A rock is thrown upward with a velocity of 15 meters per second from the top of a 26 meter high cliff ad i misses the cliff on the way back down. when will the rock be 5 meters from the water below?
height = -4.9t^2 + 15t + 26
When the rock is 5 metres above the water,
5 = -4.9t^2 + 15t + 26
4.9t^2 - 15t - 21 = 0
t = (15 ± √636.6)/9.8
= 4.1052 seconds or a negative
After appr 4.1 seconds, the rock is 5 metres above the water.
To solve this problem, we can use the equations of motion to find the time when the rock is 5 meters above the water below.
We know that the initial velocity of the rock when it is thrown upward is 15 meters per second, and the height of the cliff is 26 meters.
First, let's find the time it takes for the rock to reach its maximum height. We can use the equation:
v = u + at
where:
v = final velocity at maximum height (0 m/s because the rock reaches its highest point and then starts falling back down)

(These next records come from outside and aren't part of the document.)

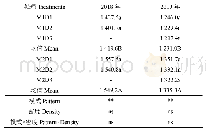 表1 2018-2019年不同处理的棉花田间耕层土壤积温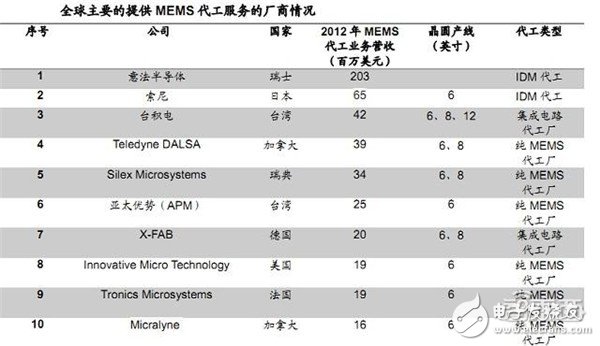 MEMS代工服务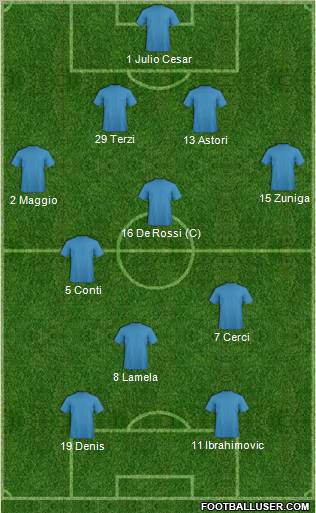 Championship Manager Team Formation 2012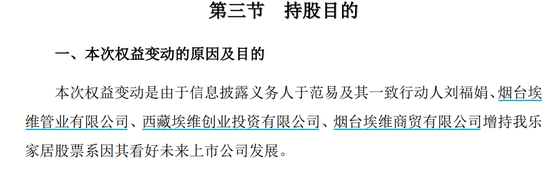 A股，彻底炸锅了！8个涨停，我乐家居大股东一声不吭，“清仓了”！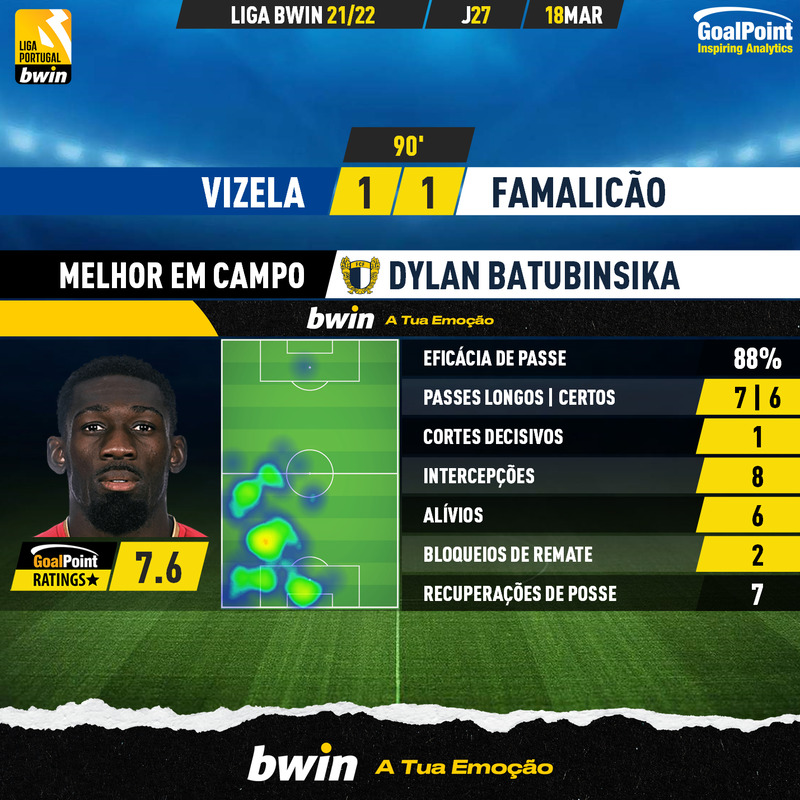 _Goalpoint's tweet photo. 🇵🇹 Vizela 🆚 Famalicão
Golo no tempo extra foi duro golpe para Dylan Batubinsika 🇫🇷, que se fartou de varrer lances perigosos da equipa da casa ⭐️
#UEL #OLFCP #RatersGonnaRate https://t.co/FAFobNbU5O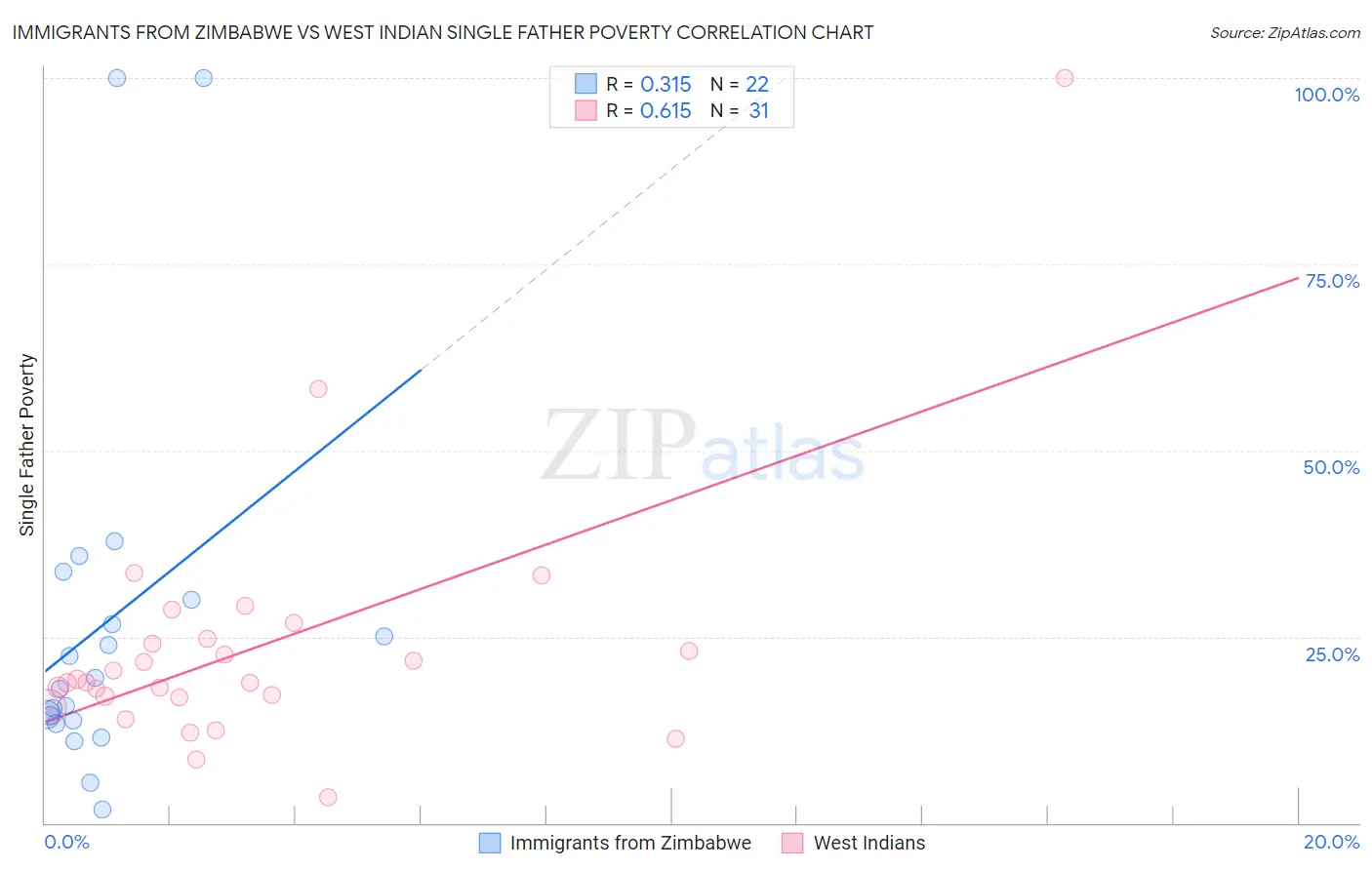 Immigrants from Zimbabwe vs West Indian Single Father Poverty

u = initial velocity (15 m/s)
a = acceleration due to gravity (-9.8 m/s^2, taking downward direction as negative)
t = time
Rearranging the equation to solve for time (t), we have:
t = (v - u) / a
Substituting the values, we get:
t = (0 - 15) / -9.8
t = 1.53 seconds (approximately)
So, it takes 1.53 seconds for the rock to reach its maximum height.
Next, let's determine the total time of flight (time taken for the rock to go up and down). The total time of flight is double the time it took to reach the maximum height.
Therefore, the total time of flight is 2 * 1.53 = 3.06 seconds.
Now let's find the position of the rock after 3.06 seconds. We can use the equation:
s = ut + (1/2)at^2
where:
s = distance traveled (unknown, 5 meters in this case)
u = initial velocity (15 m/s)
t = time (3.06 seconds)
a = acceleration due to gravity (-9.8 m/s^2)
Rearranging the equation to solve for distance (s), we have:
s = ut + (1/2)at^2
Substituting the values, we get:
5 = (15 * 3.06) + (1/2)(-9.8)(3.06^2)
Simplifying the equation, we find:
5 = 45.9 - 45.5
5 = 0.4
This is not possible since 5 is not equal to 0.4. Therefore, the rock does not come 5 meters from the water below.
Hence, the rock will not be 5 meters from the water below at any point during its trajectory.